Monthly Archives: May 2016

Studying How Digital Humanists Use GitHub

Over the past academic year, I’ve been fortunate to participate in Rice’s Mellon-sponsored Sawyer Seminar on Platforms of Knowledge, where we’ve examined platforms for authoring, annotation, mapping, and social networking. We’ve discussed both the possibilities that platforms may open up for inquiry, public engagement and scholarly communications and the risks that they may pose for privacy and nuanced humanistic analysis. Inspired by the questions raised by the Seminar, my colleague Sean Smith and I are studying a platform used by a number of digital humanists: GitHub. Digital humanists employ GitHub not only for code, but also for writing projects, syllabi, websites, and other scholarly resources. We’ll present our initial findings at Digital Humanities 2016, but I wanted to offer some background to the study, especially since some of you will soon be receiving emails from me inviting you to participate in it.
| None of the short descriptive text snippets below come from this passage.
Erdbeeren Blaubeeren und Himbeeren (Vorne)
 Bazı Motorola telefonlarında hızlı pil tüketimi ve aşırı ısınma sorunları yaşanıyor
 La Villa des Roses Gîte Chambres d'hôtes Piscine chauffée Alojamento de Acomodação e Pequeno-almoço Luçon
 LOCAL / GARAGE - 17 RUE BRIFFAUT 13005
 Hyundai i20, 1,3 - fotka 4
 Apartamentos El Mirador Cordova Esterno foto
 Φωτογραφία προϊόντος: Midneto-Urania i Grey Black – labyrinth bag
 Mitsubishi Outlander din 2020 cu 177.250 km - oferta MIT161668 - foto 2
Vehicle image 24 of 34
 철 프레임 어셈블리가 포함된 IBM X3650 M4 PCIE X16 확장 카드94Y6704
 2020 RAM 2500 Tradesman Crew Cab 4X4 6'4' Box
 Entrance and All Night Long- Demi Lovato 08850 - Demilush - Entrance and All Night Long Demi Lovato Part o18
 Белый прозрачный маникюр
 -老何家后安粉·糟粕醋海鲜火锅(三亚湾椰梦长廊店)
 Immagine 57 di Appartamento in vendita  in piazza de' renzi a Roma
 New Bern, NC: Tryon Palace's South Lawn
Initially I was interested in using GitHub for a case study of how we assess and select digital platforms. Even as many researchers (myself included) rely on digital platforms, I haven’t been able to find many clear rubrics for evaluating them. Building on Quinn Dombrowski’s recommendations for choosing a platform for a web project, we are looking at criteria such as functionality and ease of use. In previous work examining archival management systems, I learned how important it is to talk with users about their experience with tools, so we will be conducting a survey and interviews about GitHub. Sean and I also also realized that GitHub itself provides valuable data about how people use GitHub, such as information about collaboration, code re-use, and connections to others. Our study will thus include analysis of publicly available data about selected GitHub users and repositories. (Of course, there is significant prior work on this topic in fields such as social computing that we will draw upon.)

With this project, we are:

  1. Identifying digital humanists who have GitHub accounts. For the purposes of this study, we are looking at presenters at the last three Digital Humanities conferences and people affiliated with organizations that belong to centerNet (assuming that the information is publicly available). Of course, this method is imperfect– it misses digital humanists who didn’t attend the DH conferences or who aren’t affiliated with DH centers, and it may include some people who don’t really consider themselves digital humanists. But it’s a start.
  2. Contacting those whose email addresses are easily retrievable (e.g. available via GitHub) and:
    1. Giving them the opportunity to opt out of having their publicly available GitHub data being included in our analysis and in the dataset that we plan to share at the end of the study. (Added 5/18/16: To be extra careful, we plan to anonymize this dataset.)
    2. Inviting them to take a brief survey about their usage and opinions of GitHub
    3. Inviting them to participate in an interview

    We may also contact people whose emails aren’t in the GitHub data but are otherwise available.

  3. Analyzing GitHub data from our dataset to gain insight into how digital humanists use GitHub.

We want to conduct this study openly while at the same respecting privacy. In conducting interviews for past studies, I’ve been frustrated that I can’t publicly identify and credit people who have made brilliant comments because of the promise of confidentiality.  So we’re giving interviewees the option to make all or some of their interview notes public–but of course they can instead keep the notes private and remain anonymous. Survey data will be anonymized but ultimately shared.

Here are important documents related to our study:

I welcome feedback and questions about this study. I hope that it will contribute to developing criteria for evaluating platforms like GitHub and offer insights into how digital humanities researchers and developers work.